Sammendrag på engelsk (abstract)
The analgesic drug use has been reported to increase in general in nursing home patients. However, there is insufficient evidence in terms of what agents are used, variations of use over time and to whom these drugs are prescribed.
We investigated the prescribing patterns of scheduled analgesic drugs in Norwegian nursing home patients from 2000 to 2011, with the association to age, gender, cognitive function and type of nursing home unit.
Secondary analyses of four study samples (three observational studies and one randomised controlled trial). Setting and subjects: nursing home patients included in study samples from 2000 (n = 1,926), 2004 (n = 1,163), 2009 (n = 850) and 2011 (n = 1,858) located in 14 Norwegian counties.
Trend analyses of analgesic drug prescriptions. Percentages were described using t-test, χ2 and Mann–Whitney U test and multivariate logistic regression.

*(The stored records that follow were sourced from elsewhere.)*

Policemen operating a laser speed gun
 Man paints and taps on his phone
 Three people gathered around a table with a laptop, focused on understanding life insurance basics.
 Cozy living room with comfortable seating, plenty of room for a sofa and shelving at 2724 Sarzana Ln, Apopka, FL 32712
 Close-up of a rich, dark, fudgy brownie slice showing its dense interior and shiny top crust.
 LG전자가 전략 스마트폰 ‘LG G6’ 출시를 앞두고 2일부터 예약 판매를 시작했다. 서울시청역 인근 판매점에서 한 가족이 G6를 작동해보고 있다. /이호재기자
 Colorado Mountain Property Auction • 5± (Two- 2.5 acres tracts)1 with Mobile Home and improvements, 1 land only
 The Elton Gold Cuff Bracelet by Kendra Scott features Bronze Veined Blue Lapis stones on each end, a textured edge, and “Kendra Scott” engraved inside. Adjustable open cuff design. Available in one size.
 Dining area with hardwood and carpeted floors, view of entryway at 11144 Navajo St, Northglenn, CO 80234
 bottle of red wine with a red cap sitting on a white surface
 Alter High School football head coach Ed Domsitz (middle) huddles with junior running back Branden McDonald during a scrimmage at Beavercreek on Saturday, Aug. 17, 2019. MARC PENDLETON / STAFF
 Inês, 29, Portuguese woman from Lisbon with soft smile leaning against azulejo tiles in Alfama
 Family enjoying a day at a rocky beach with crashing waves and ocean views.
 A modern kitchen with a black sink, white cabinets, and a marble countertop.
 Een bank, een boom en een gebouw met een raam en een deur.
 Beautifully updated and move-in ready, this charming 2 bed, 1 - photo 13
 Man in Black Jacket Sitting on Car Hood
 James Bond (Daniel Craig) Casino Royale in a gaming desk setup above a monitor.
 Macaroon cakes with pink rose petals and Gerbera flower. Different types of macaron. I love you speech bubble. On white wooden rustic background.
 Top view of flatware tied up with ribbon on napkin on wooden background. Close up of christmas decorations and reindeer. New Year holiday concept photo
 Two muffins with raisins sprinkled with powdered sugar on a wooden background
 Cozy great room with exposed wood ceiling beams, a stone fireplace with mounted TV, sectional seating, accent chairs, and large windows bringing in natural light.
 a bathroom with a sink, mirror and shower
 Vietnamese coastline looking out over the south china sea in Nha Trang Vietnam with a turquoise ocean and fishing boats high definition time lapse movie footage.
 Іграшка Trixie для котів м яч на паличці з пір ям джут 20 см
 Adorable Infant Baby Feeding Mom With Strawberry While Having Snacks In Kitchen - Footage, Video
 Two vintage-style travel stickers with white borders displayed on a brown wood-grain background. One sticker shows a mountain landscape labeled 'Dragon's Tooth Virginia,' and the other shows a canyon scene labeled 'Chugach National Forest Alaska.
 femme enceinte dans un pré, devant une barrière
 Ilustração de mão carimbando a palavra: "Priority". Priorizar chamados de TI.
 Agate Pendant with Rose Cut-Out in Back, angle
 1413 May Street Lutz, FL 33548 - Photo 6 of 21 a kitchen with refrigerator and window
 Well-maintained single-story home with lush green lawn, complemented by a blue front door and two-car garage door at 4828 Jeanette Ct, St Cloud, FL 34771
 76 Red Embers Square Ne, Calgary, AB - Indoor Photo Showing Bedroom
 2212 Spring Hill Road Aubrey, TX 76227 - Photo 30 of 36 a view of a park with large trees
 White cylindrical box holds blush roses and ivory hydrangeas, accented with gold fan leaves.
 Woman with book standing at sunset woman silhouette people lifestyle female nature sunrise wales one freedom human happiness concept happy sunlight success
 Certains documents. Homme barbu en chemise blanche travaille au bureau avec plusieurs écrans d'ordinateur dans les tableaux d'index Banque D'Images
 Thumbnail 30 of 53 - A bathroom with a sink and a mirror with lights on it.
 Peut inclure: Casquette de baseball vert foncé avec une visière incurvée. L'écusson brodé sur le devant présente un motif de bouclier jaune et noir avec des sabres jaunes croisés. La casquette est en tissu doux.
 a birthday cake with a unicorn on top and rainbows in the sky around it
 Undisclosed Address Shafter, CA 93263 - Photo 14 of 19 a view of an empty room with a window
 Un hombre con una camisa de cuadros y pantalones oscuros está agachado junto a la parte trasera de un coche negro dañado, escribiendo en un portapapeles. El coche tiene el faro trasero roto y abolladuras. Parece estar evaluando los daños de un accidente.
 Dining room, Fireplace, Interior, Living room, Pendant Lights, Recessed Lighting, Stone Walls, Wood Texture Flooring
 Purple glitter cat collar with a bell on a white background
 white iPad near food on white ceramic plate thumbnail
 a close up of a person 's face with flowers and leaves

The odds ratio for receiving any pain medication in 2011 compared with 2000 was 2.6 (95% CI 2.23–2.91), this is corresponding to a 65% increase from 34.9 to 57.6%. The paracetamol prescription increased by 113%, from 22.7% in 2000 to 48.4% in 2011. Strong opioids (fentanyl, buprenorphine, morphine, oxycodone) increased from 1.9% in 2000 to 17.9% in 2011 (P < 0.001), whereas non-steroidal anti-inflammatory drug prescription decreased, from 6.8 to 3.2%. In 2000, 2004 and 2009, people with dementia received fewer analgesics compared with patients without dementia; no differences in analgesic drug use between the groups were found in 2011.
The analgesic drug prescription increased significantly from 2000 to 2011, especially the use of paracetamol and strong opioids. We also highlight a possible change from under-prescription of analgesic medication in people with dementia, to an equal amount compared with patients without cognitive impairment.